There’s no sugarcoating it – entering adulthood and being independent is a big step. We go from adolescence, having every decision made for us. Then on to high school, learning that the mitochondrion is the powerhouse of the cell (and not much practical financial knowledge), to college, mostly worried about how we’ll make that 10:00 am class on time. Suddenly, upon being independent, a lot of things become crystal clear. First, fruits and vegetables that you buy with your own money go bad way faster than they did at home.

Life becomes a lot more complex with bills, debt payoff schedules, and retirement plan decisions – and without a mentor or reliable source of guidance it can be hard to manage it all. Here are some of our top tips to set yourself up for success!

Set aside funds to cover the unexpected

First, this is something we advise every client: Build an emergency fund. After leaving college and getting your first “real” job, it can be easy to justify an expensive car loan, apartment lease, and high-cost lifestyle. What happens if you lose your job or face an unexpected expense?

Here’s a scenario that happens to newly minted working adults all the time. You purchase your first car, which appears to be a good deal on the surface. But a number of deferred maintenance items arise.
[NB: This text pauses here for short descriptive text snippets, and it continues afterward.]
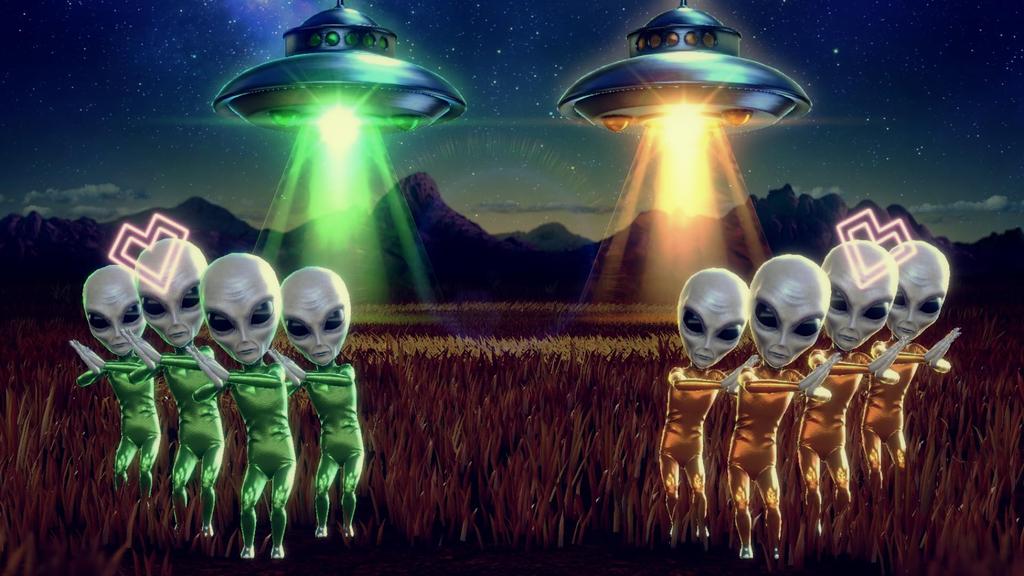 Everybody 1-2-Switch! (Import: North America) – Switch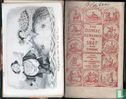 The comic almanack 1847/1848/1849 - Afbeelding 1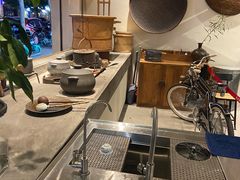 -成川茶店·潮汕工夫浓茶(万象店)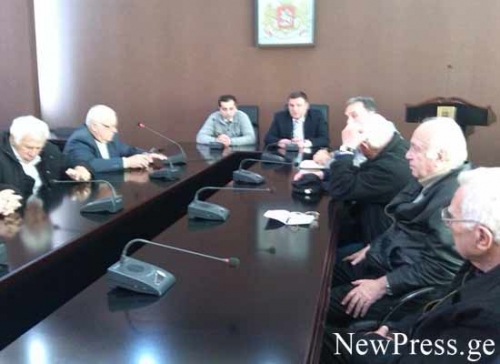 შოთა მურღულია – ამაყი ვარ, რომ ქვეყნის მასშტაბით ქუთაისი პირველ ადგილზეა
That’s one of the many payoffs of having an emergency fund. Rather than pull from investments, you can utilize the cash in your fund to pay for the repairs. This is a perfect example of how valuable an emergency fund can be to avoid needing to use invested assets or even taking on unnecessary debt.
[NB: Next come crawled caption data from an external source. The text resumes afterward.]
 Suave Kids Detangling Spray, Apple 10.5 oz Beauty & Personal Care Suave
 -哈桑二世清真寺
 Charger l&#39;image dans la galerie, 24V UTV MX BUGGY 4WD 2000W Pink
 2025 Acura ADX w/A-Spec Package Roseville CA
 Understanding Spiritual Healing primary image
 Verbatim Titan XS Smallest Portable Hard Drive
Our recommendation is that clients keep between 3-6 months of expenses in a separate but accessible account. These funds should not be invested, as a down market could reduce the value of these set-aside funds right at the time they’re needed. We recommend looking for an online high-yield savings account that will earn you more than a typical bank account.

Create – and adhere to – a discipline to reduce current debt

Next, make a plan to pay off debt and stick to it. If you’ve graduated from college with student loan debt or a vehicle loan, lingering liabilities can push back your ability to save for a house, future child expenses, or other things you want for your future.
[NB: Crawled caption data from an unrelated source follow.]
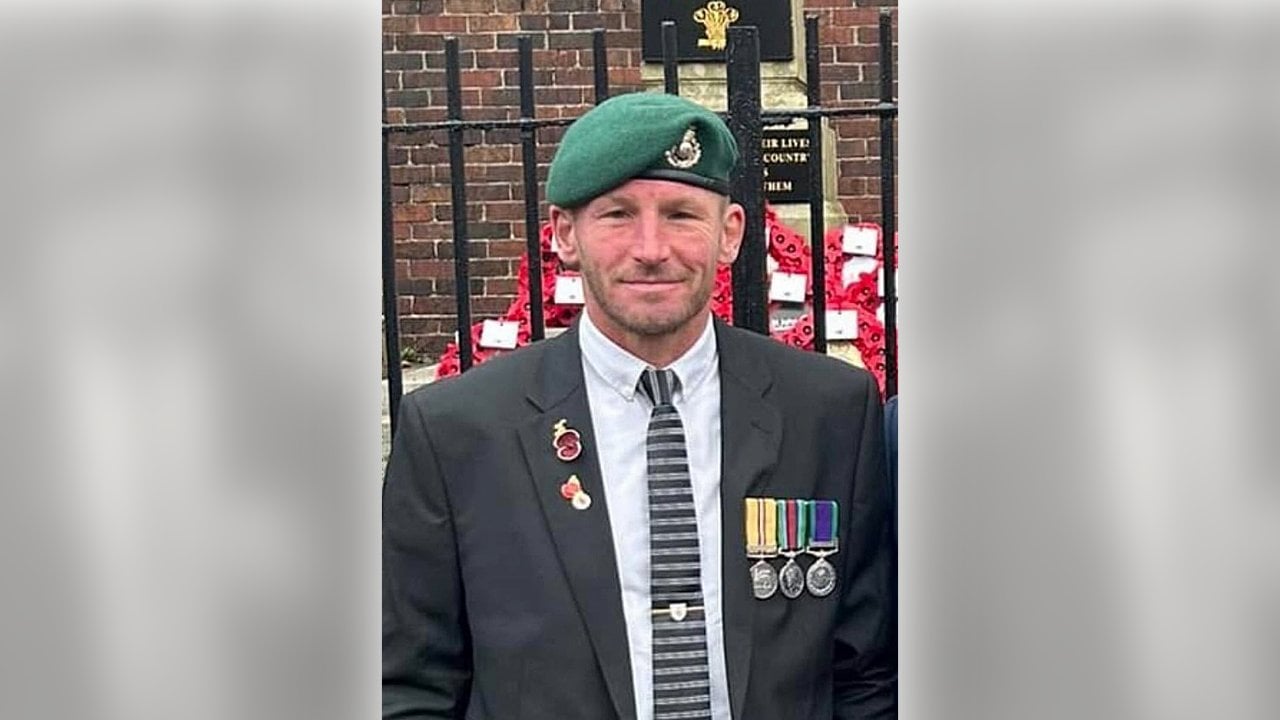 Former Royal Marine cleared of racial hatred charge over Facebook video – The Free Speech Union
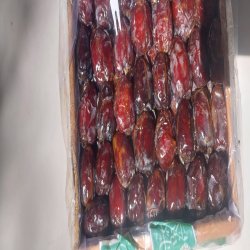 خرما درجه یک 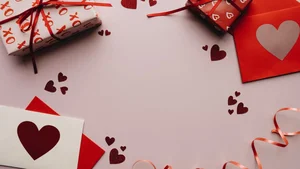 Cute and Romantic Couple Wallpapers: Beautiful Love Backgrounds for Your Phone - image 45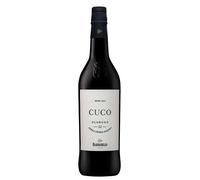 Jerez-Xérès-Sherry Oloroso Seco Cuco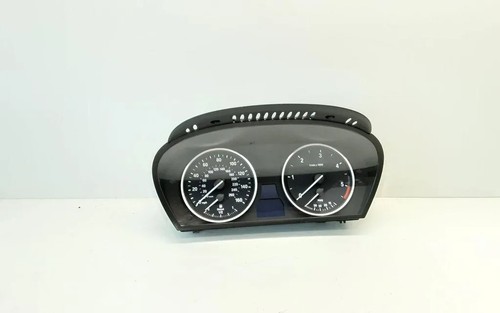 BMW 5 Touring E61 Kombiinstrument 9177262 2.00 Diesel 2008 33627162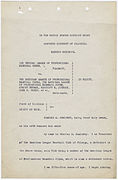 Charles Comiskey Affidavit, 01-14-1915, page 1.jpg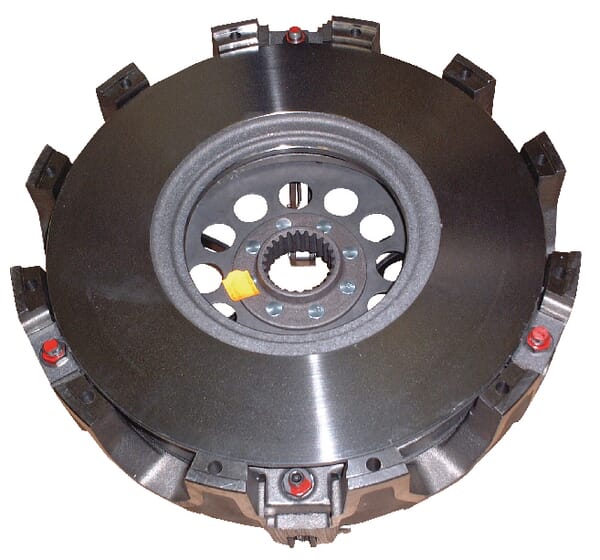 Embrayage automatique double TGU6 · réf. 233003410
We’re not suggesting that you drop everything to pay off the debt. The point is to understand what interest rates you’re paying and make a strategy to efficiently pay everything down. Quite often we see clients who graduated college 10+ years ago still making minimum payments on their student loan balances. In an unfavorable interest rate environment, these minimum payments may not do much to reduce the principal amount due.

Tackle that advanced degree sooner rather than later

If you’re considering pursuing a graduate degree or further education, there’s no time like the present. Why not get started before life gets more complicated? For many college grads, adjusting to a full-time work schedule is tough. Sometimes the thought of going back to school can seem daunting. However, a few years of graduate school now should pay off in the future. Check to see if your employer has a tuition reimbursement benefit. They are incentivized to have a well-educated workforce and it’s smart to take advantage of any benefits they offer. Halbert Hargrove offers this benefit and I am deeply appreciative of their commitment.

I speak from personal experience: I’m in the middle of the University of Southern California MBA program. After work each day I’m able to jump right in to put all my focus into school. I feel that if I waited another 5-10 years, I’d be less able to put all that focus into school each day. It’s also worth mentioning: This blog post is targeted towards people in their 20s, but it’s never too late to go back to school for advanced degrees. We believe in lifelong learning!

Automatic savings can make a big difference in the long run

Finally, it’s important to build good habits such as setting up automatic contribution plans to your 401(k) and other savings accounts. When the money goes directly into your savings and is allowed to grow, your future will be the beneficiary. Online access makes it really easy to check online balances frequently, but that may not be ideal. A bad market could cause a nervous investor to go to cash at the wrong time, or overreact to a temporary market move.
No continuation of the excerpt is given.